▶ _How to complete this task_:
Within the material below, filter for lines that hold the word "Matratze".

╭──

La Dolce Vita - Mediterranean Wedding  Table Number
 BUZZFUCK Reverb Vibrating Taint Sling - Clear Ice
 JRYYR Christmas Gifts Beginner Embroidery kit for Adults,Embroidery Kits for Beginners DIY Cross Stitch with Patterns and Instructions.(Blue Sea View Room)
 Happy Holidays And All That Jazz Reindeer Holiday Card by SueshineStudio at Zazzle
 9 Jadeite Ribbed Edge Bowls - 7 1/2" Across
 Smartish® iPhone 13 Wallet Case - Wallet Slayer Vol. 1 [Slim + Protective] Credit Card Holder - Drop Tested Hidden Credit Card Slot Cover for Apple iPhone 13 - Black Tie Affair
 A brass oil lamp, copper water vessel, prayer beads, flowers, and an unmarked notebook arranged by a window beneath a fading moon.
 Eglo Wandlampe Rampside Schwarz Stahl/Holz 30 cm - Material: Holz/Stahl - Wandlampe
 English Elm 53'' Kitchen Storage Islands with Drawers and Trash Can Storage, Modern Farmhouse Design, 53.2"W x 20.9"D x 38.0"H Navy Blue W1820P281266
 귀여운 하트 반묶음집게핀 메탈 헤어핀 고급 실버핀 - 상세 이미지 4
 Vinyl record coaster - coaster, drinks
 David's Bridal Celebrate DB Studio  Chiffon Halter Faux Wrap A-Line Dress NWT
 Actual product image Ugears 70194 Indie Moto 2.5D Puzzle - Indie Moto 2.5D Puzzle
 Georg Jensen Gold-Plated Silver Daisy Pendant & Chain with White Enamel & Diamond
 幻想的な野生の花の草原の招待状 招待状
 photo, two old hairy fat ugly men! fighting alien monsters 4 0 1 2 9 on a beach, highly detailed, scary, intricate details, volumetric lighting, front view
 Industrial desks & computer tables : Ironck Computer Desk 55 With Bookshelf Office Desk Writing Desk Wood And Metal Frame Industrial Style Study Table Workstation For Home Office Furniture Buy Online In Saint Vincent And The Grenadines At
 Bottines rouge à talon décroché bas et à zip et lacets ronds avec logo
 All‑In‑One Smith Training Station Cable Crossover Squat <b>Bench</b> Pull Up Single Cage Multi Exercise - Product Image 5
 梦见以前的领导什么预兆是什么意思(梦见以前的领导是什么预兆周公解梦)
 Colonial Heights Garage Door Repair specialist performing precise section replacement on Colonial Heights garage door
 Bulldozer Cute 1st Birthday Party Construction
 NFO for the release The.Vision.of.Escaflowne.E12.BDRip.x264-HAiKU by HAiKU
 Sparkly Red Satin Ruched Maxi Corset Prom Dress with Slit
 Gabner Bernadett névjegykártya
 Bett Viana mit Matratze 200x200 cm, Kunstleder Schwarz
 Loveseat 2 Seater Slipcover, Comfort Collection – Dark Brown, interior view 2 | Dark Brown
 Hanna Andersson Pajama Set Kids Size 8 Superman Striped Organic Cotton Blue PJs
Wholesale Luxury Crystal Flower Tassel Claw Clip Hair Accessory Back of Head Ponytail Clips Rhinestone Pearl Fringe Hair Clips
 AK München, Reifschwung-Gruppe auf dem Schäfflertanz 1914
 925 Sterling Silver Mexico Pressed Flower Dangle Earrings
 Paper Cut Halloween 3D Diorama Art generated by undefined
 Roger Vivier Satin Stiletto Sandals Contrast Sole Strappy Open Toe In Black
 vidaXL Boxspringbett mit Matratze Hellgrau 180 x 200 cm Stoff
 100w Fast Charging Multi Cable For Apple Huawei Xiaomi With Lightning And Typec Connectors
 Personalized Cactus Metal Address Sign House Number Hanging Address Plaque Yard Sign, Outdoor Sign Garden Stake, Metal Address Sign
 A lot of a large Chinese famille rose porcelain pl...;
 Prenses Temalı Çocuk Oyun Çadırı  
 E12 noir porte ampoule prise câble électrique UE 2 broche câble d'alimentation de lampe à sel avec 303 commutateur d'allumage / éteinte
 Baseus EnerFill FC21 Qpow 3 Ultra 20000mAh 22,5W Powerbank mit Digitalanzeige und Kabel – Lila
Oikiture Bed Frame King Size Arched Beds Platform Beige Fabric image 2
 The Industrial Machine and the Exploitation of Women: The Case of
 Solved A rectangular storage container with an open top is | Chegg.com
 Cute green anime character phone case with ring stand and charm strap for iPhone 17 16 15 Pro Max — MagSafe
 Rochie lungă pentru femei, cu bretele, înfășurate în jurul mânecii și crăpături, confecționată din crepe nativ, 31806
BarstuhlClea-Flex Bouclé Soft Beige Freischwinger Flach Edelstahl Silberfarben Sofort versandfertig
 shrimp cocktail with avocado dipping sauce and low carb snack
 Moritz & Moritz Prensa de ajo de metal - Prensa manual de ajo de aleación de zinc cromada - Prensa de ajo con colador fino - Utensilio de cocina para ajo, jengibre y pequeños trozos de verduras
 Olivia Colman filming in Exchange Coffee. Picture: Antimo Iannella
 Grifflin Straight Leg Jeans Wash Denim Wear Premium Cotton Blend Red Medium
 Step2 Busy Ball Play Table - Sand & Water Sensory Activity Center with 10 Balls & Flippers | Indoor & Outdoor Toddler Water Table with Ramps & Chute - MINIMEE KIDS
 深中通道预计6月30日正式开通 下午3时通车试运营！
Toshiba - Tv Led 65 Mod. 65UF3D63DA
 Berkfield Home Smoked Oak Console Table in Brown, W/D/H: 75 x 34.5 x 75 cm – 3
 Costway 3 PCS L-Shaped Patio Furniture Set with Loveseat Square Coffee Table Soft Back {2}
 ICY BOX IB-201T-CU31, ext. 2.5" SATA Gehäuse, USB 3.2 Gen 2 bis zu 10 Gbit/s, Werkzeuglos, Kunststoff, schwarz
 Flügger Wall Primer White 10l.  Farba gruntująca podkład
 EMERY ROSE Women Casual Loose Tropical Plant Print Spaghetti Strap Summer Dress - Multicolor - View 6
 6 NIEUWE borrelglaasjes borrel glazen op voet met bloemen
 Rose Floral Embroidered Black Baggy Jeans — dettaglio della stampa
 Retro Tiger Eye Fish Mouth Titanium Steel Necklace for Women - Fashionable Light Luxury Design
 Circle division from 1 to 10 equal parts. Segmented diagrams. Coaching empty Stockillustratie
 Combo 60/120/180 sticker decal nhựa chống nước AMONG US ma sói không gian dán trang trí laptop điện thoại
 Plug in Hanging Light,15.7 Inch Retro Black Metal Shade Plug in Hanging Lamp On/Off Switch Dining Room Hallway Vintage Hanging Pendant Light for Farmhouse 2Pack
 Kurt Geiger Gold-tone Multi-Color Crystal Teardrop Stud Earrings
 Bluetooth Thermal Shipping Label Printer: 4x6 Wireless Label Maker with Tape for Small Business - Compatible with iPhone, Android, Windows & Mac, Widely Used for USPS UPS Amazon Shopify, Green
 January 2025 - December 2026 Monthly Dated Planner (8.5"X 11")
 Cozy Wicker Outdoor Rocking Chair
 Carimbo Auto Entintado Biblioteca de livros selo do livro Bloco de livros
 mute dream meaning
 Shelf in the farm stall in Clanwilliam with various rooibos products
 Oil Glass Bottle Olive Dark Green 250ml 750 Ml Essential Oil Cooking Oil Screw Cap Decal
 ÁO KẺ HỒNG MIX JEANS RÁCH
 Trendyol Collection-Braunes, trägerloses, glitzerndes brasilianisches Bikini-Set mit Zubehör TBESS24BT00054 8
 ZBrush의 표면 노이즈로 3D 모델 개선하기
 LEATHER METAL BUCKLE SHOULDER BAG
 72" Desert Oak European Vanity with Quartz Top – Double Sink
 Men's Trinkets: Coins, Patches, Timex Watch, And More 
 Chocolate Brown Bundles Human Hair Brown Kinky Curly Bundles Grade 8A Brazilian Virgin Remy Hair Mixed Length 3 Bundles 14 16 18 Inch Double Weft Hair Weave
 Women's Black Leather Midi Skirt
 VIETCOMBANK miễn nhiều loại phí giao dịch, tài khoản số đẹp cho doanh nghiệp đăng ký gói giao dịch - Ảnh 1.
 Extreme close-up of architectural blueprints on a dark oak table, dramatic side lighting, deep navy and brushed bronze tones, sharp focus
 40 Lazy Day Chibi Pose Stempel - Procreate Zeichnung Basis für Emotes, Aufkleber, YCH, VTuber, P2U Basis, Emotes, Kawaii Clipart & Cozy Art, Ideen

╰──

▶ _Response below_:
 Bett Viana mit Matratze 200x200 cm, Kunstleder Schwarz
 vidaXL Boxspringbett mit Matratze Hellgrau 180 x 200 cm Stoff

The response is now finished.